NextEra Energy’s Seabrook nuclear power plant’s application to extend its operating license 20 years will gain one phase of approval if it fixes seven still outstanding issues, Nuclear Regulatory Commission (NRC) officials said.
The 770-page report is a technical review of safety concerns at Seabrook, NH’s Seabrook Station required in the commission’s lengthy process of reviewing licensing at the nation’s nuclear power plants. The safety evaluation report is one of two license-related reviews. The second review is an environmental review, not yet issued.
NextEra Energy Seabrook is trying to have its operating license extended from 2030 to 2050.
The focus of the license renewal process is on the aging management programs for key safety systems, structures and components, said NRC Region 1 spokesman Neil Sheehan.

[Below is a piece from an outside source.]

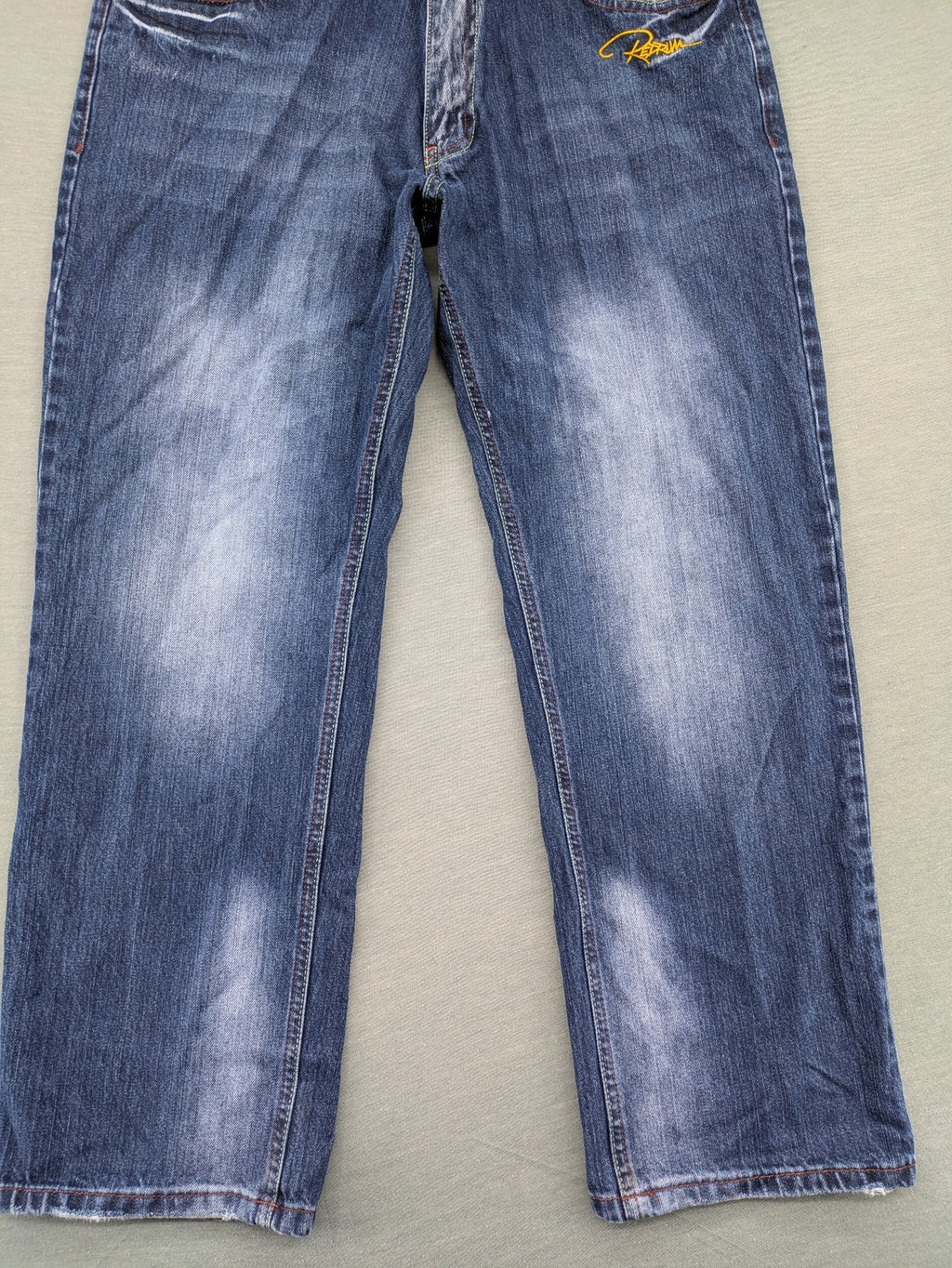 Y2K blue straight jeans with colorful logo embroidery and baggy fit.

“We seek assurance that the systems, structures and components will be able to continue to safely perform their functions for an additional 20 years of operation,” he said. “Such plans may include replacement of a component, such as a pump or electrical system, at some point during the license renewal period.”
For nearly all the systems reviewed, commission staff concluded that Seabrook Station demonstrated it met the NRC’s requirements. However, seven issues remain open and the plant must fix them before the NRC can make a final determination on its safety evaluation, according to the letter sent to Seabrook Station by Brian Holian of the license renewal division of the NRC.
As expected, one of the seven open items relates to concrete degradation found in some areas of Seabrook Station’s subterranean walls, due to alkali-silica reaction within the concrete. ASR is more commonly in transportation structures like bridges and roads, where mitigation has been successful. But Seabrook Station is the first nuclear power plant to discover and report its presence within parts of the plant’s structure.
Occurring when moisture is present, alkali-silica reaction is a slow chemical reaction between the alkaline cement and reactive silica found in some aggregates used to make concrete. ASR forms a gel that expands, causing micro-cracks that affect concrete properties, but which can take five to 15 years to show up.
According to the safety evaluation report, the other six items include:
• Staff concern Seabrook Station has not, until now, implemented procedures and inspections to keep space between containment and containment enclosure buildings in a dewatered state.
• NextEra did not fully describe how it will use future operating experience to ensure the aging management program will remain effective for managing the aging effects during the period of extended operation, nor make clear how it intends to implement monitor operating experience on an ongoing basis to ensure effectiveness.
• Sufficient information was lacking to evaluate pressure-retaining bolting and component external surfaces surrounded by seal cap enclosures that may end up submerged due to ongoing leakage within the exposure.
• Sufficient information was lacking to judge if treated borated water environments will have sufficient control to determine if there will be adequate management of components.
• NRC staff had concerns whether the methodology used to develop pressure-temperature limits is consistent with requirements.
• NRC staff has concerns over the management of cracking due to primary water stress corrosion cracking on the primary coolant side of steam generator tube-to-tubesheet welds made or clad with nickle alloy.
Sheehan said there needs to be a resolution of all of the open items before the NRC will be able to issue a final decision on Seabrook Station’s application to operate for an additional 20 years.